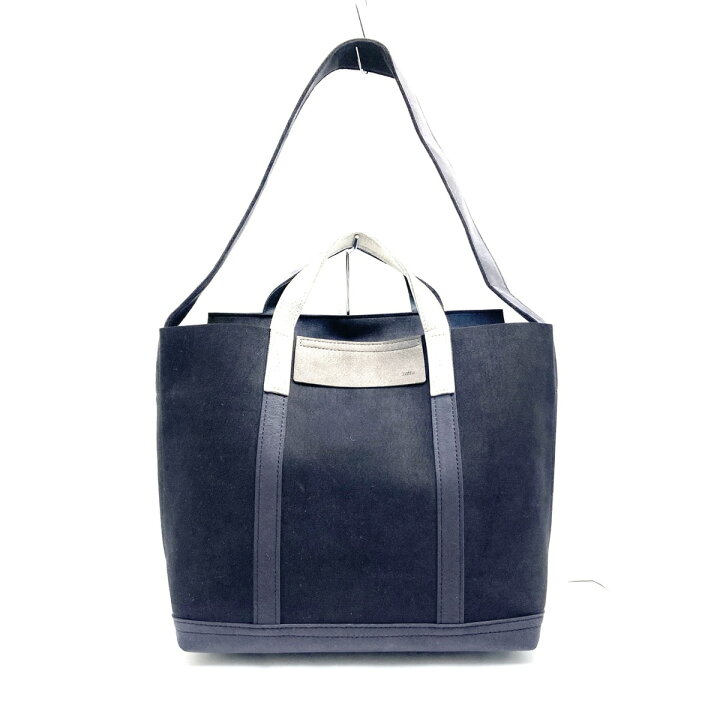 楽天市場】【中古】zattu(ザッツ) キナックス トートバッグ 黒×ダーク 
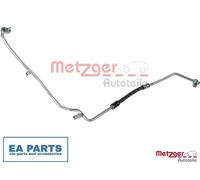 High Pressure Line, air conditioning for AUDI A3 METZGER 2360077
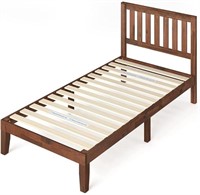 Zinus Vivek 12 Inch Wood Platform Bed, Twin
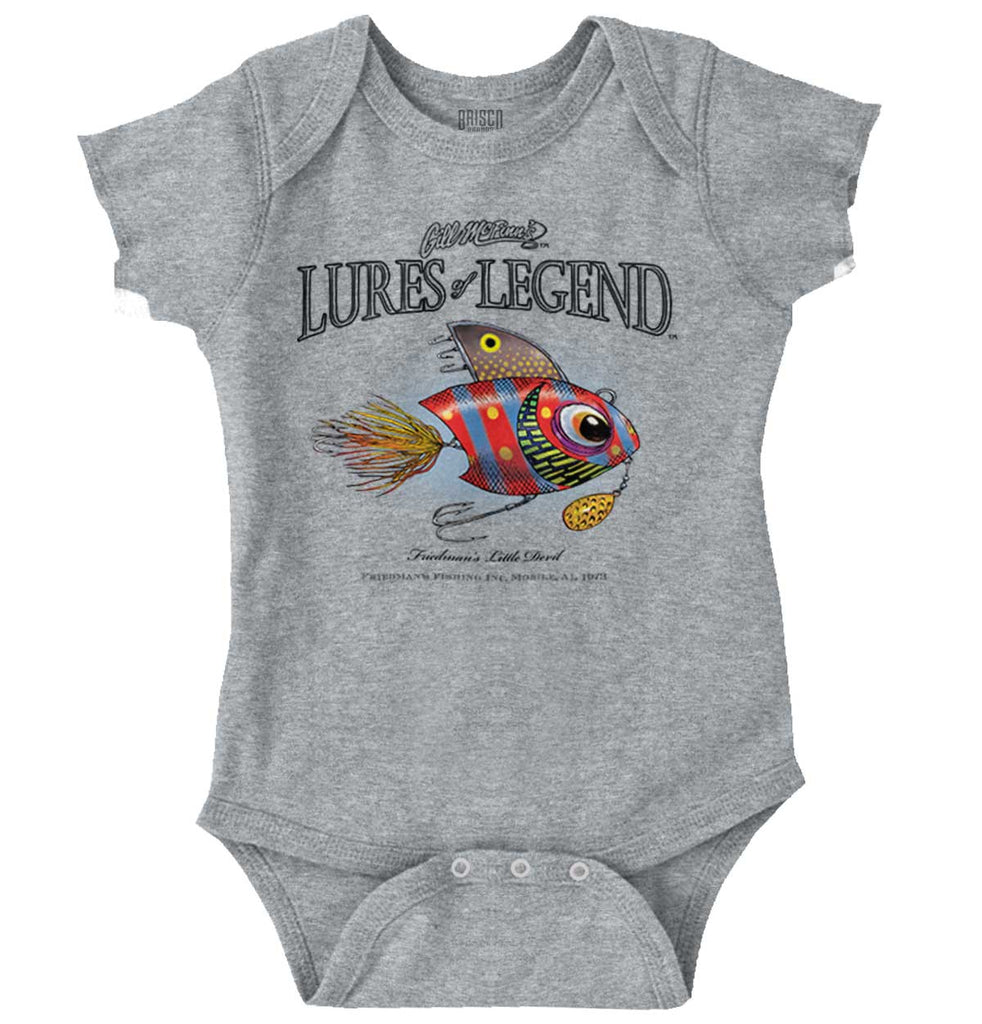 Little Devil Romper Bodysuit-Direct To Garment Print-Brisco Baby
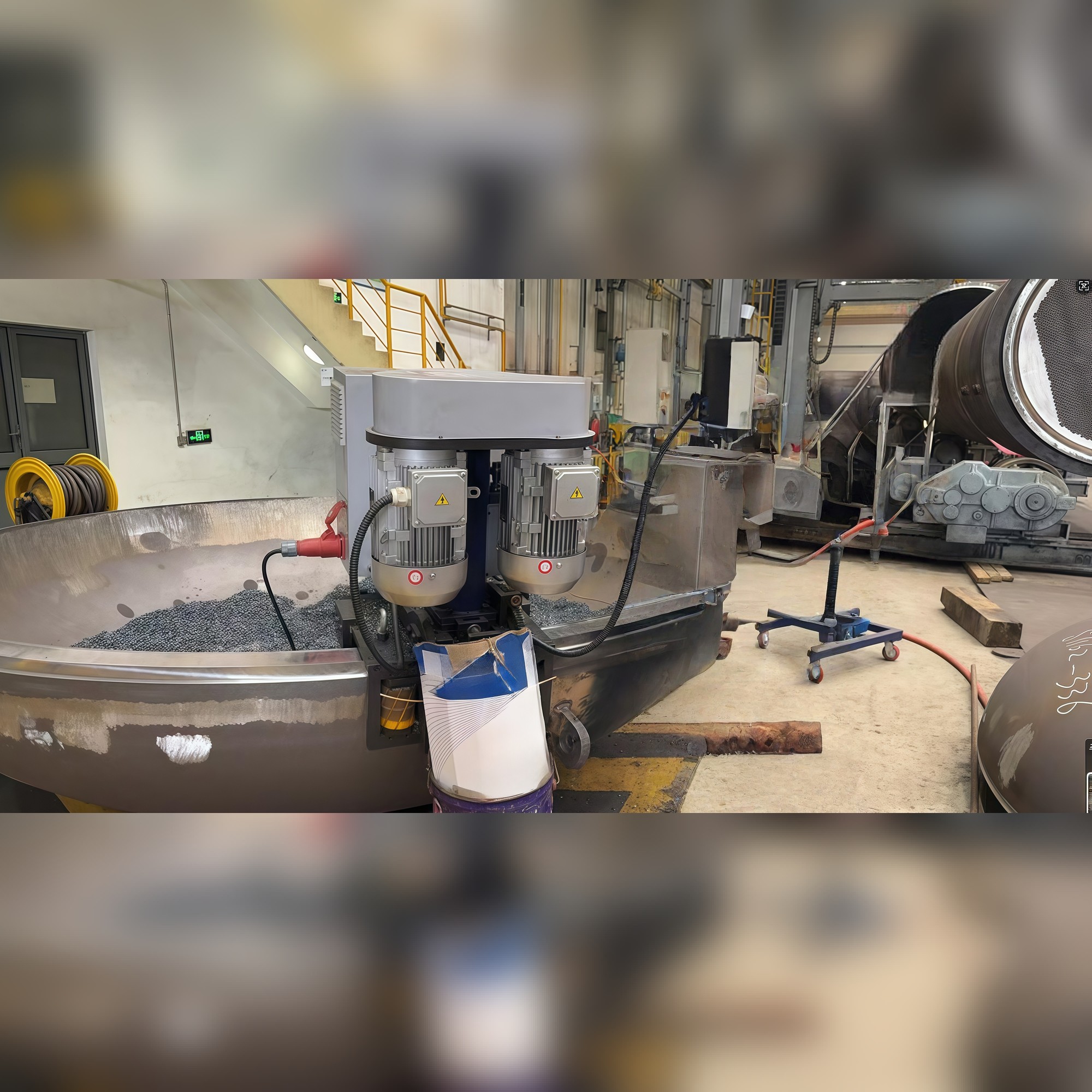 SMG Roto-Edge 1200-LR – Large Radius Pipe Beveling Machine SMG Roto-Edge 1200-LR – Large Radius Pipe Beveling Machine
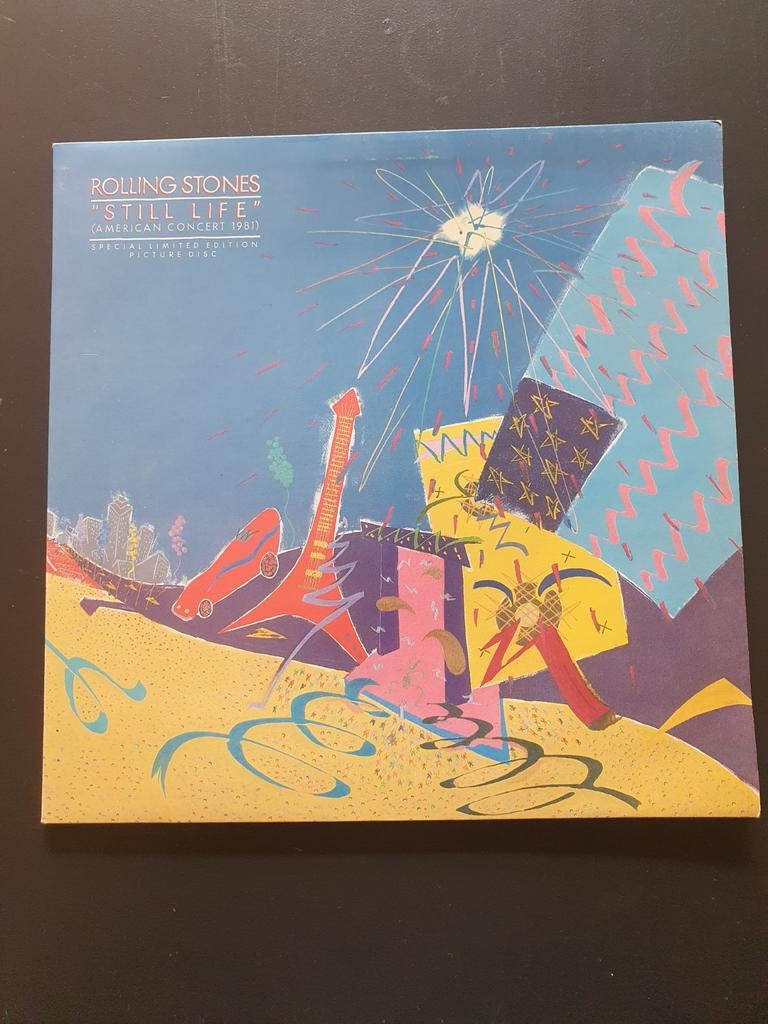 Rolling Stones - Still Life (American Concert 1981) LP, Cd's en Dvd's, Vinyl | Rock, Ophalen, Zo goed als nieuw, 12 inch, Rock-'n-Roll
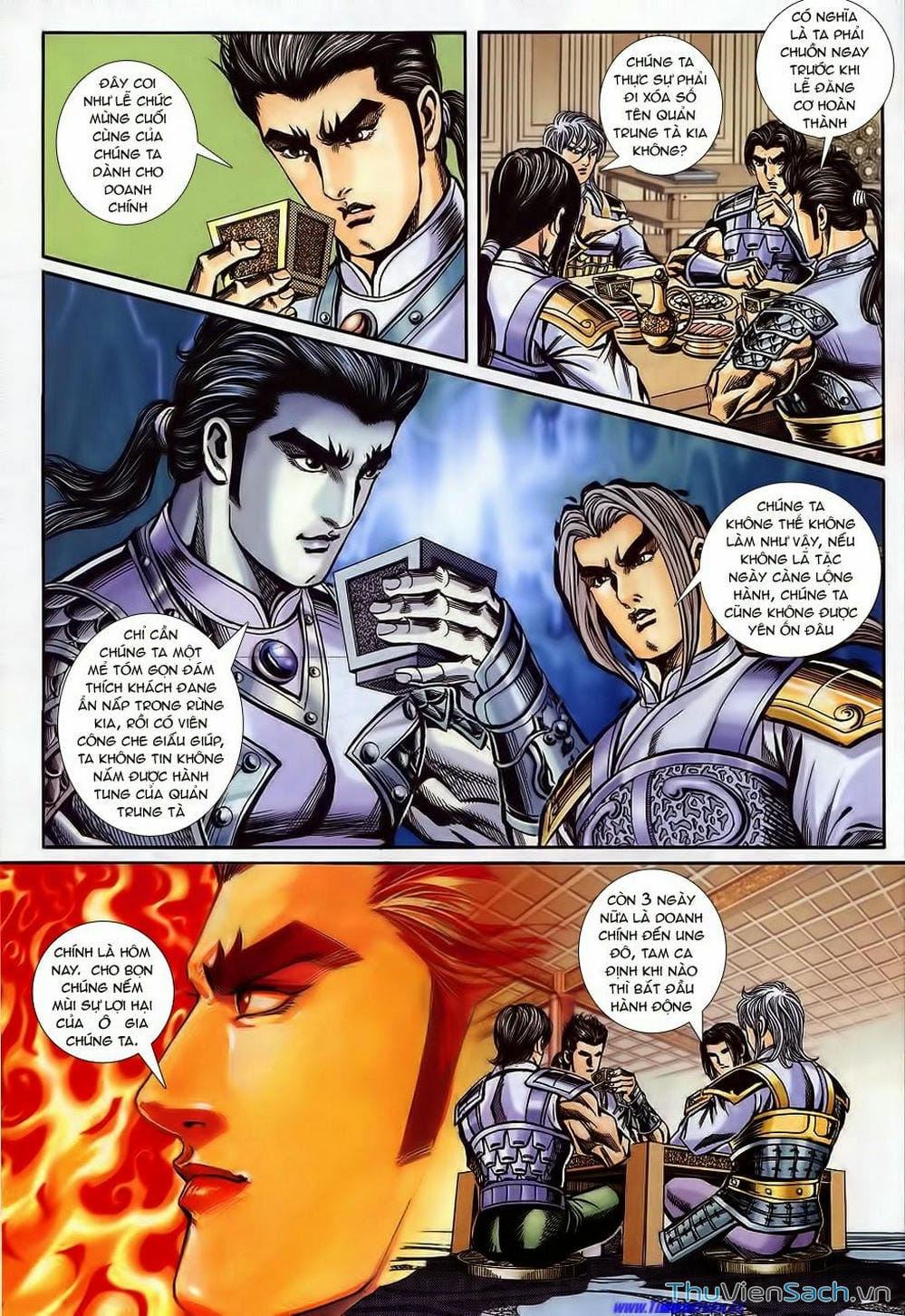 Truyện Tranh Tầm Tần Ký trang 3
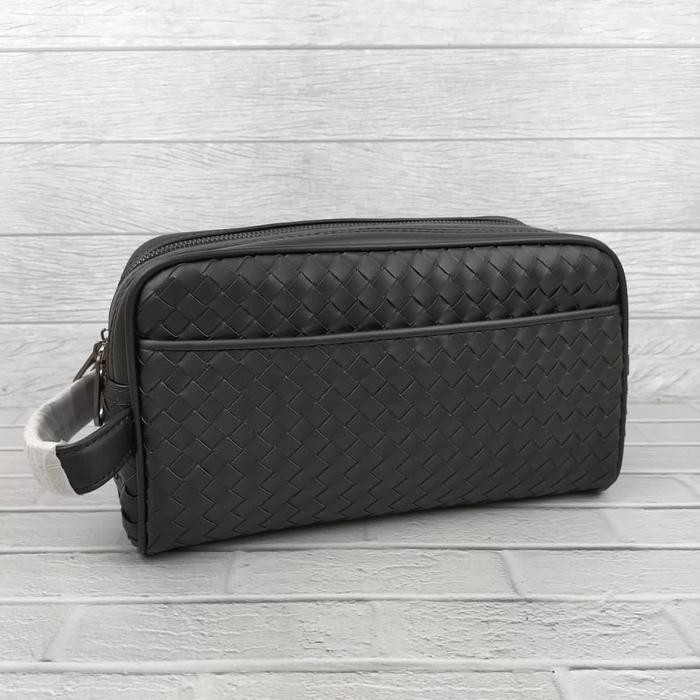 HANDBAG CLUTCH PRIA BRANDED POUCH BAG BRANDED MEWAH ANYAMAN B2108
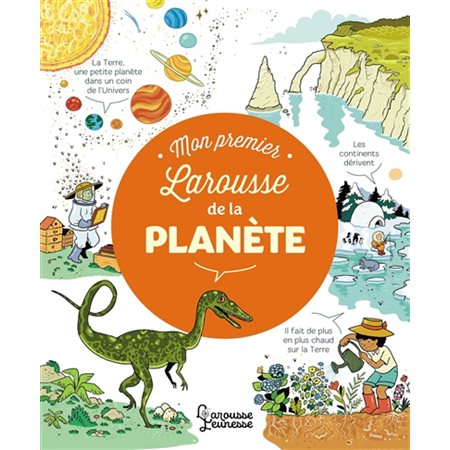 Mon premier Larousse de la planète, Mon premier Larousse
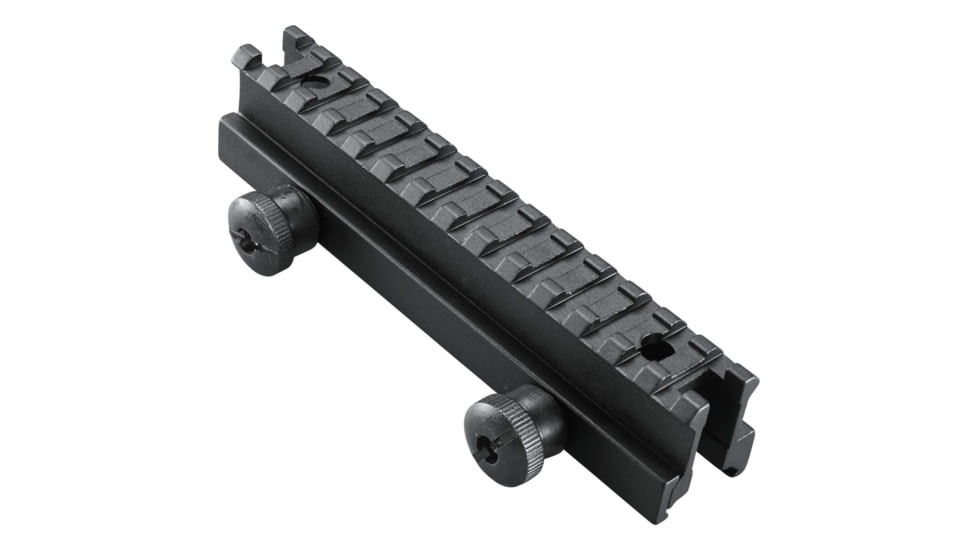Weaver AR-15 Single Rail Mount System, Flat Top Mount, Steel Dovetail 48321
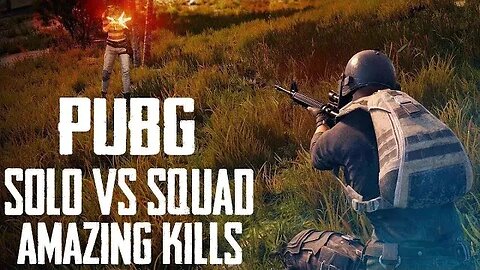 08 Kills in solo vs squad | PUBG MOBILE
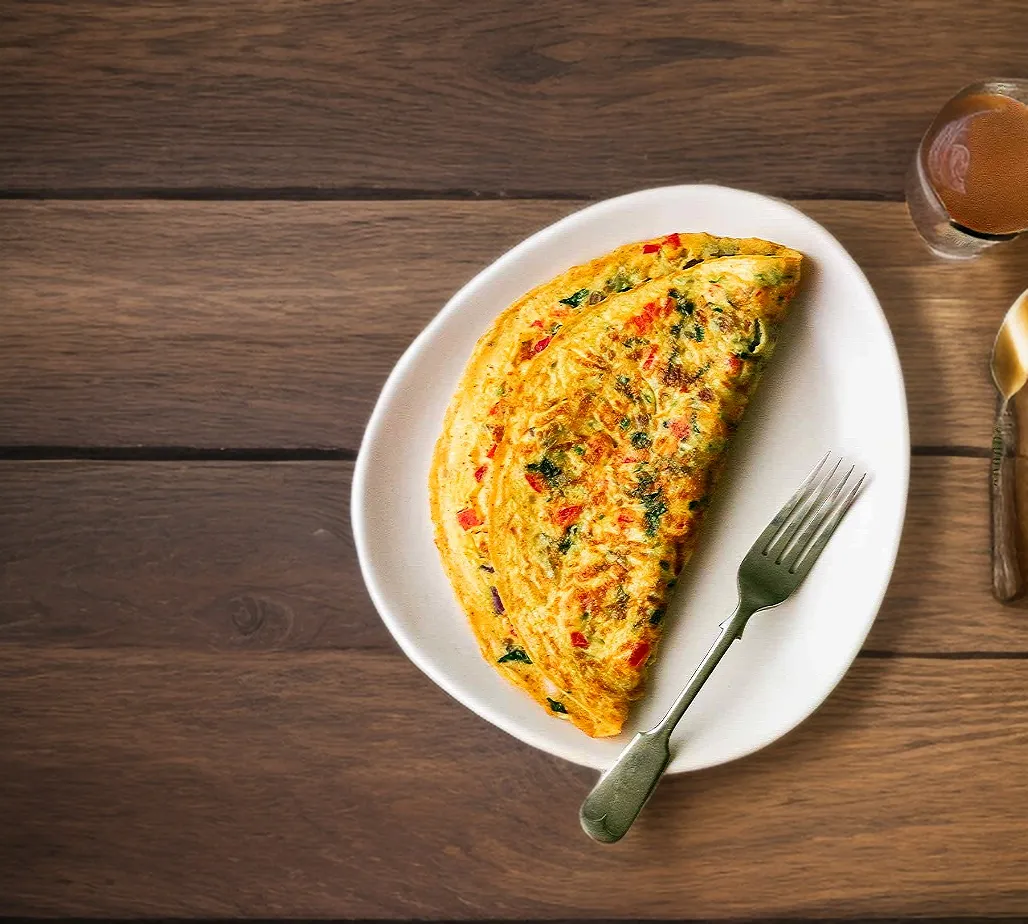 Egg Omelette [2eggs]
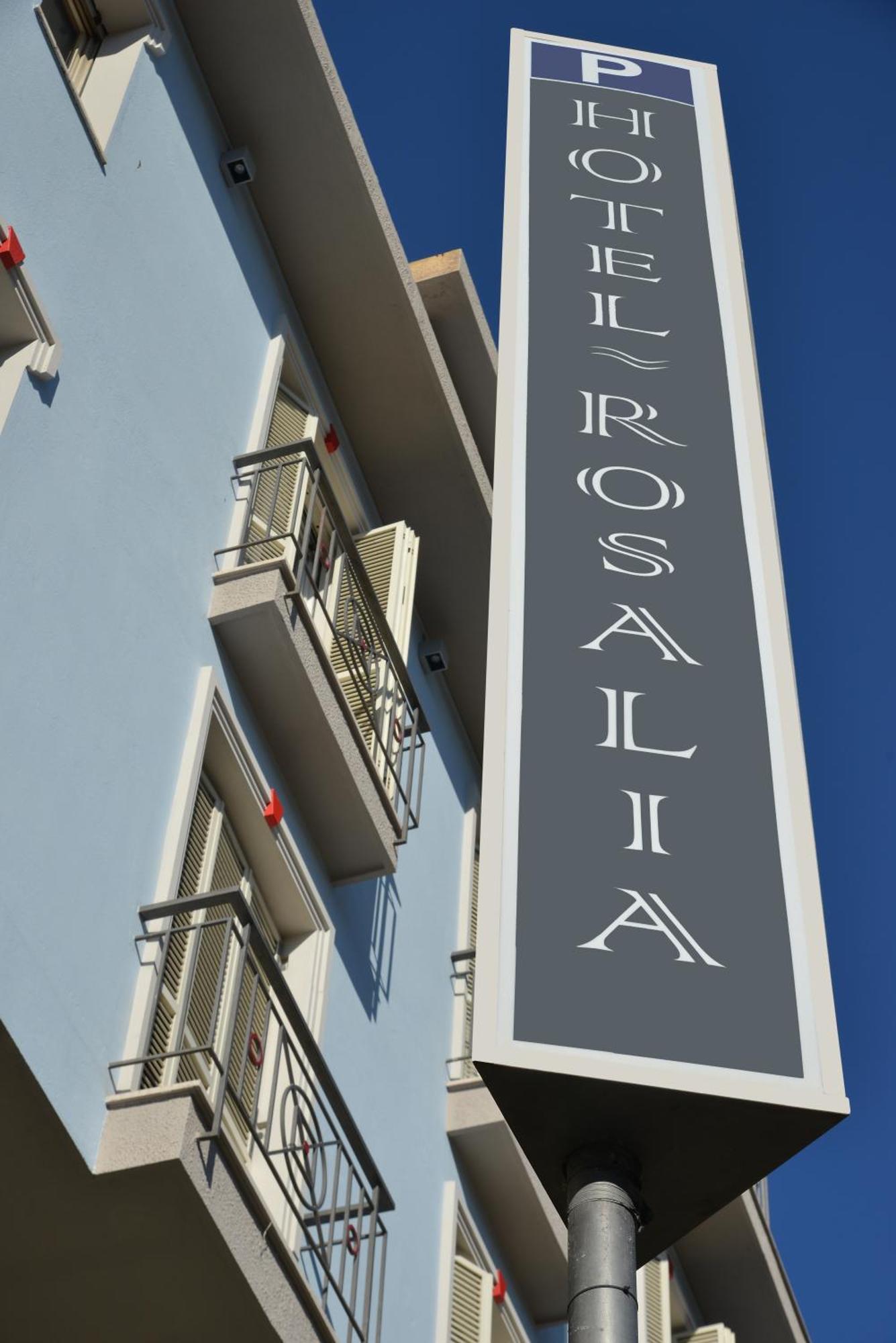 Hotel Rosalia 보르디게라 외부 사진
□ □ □ □
§ **TASK TO COMPLETE**: Please retype the records above exactly, excluding every picture.

§ **FINAL ANSWER**:
 楽天市場】【中古】zattu(ザッツ) キナックス トートバッグ 黒×ダーク 
 High Pressure Line, air conditioning for AUDI A3 METZGER 2360077
 Zinus Vivek 12 Inch Wood Platform Bed, Twin
 Little Devil Romper Bodysuit-Direct To Garment Print-Brisco Baby
 SMG Roto-Edge 1200-LR – Large Radius Pipe Beveling Machine SMG Roto-Edge 1200-LR – Large Radius Pipe Beveling Machine
 Rolling Stones - Still Life (American Concert 1981) LP, Cd's en Dvd's, Vinyl | Rock, Ophalen, Zo goed als nieuw, 12 inch, Rock-'n-Roll
 Truyện Tranh Tầm Tần Ký trang 3
 HANDBAG CLUTCH PRIA BRANDED POUCH BAG BRANDED MEWAH ANYAMAN B2108
 Mon premier Larousse de la planète, Mon premier Larousse
Weaver AR-15 Single Rail Mount System, Flat Top Mount, Steel Dovetail 48321
 08 Kills in solo vs squad | PUBG MOBILE
 Egg Omelette [2eggs]
 Hotel Rosalia 보르디게라 외부 사진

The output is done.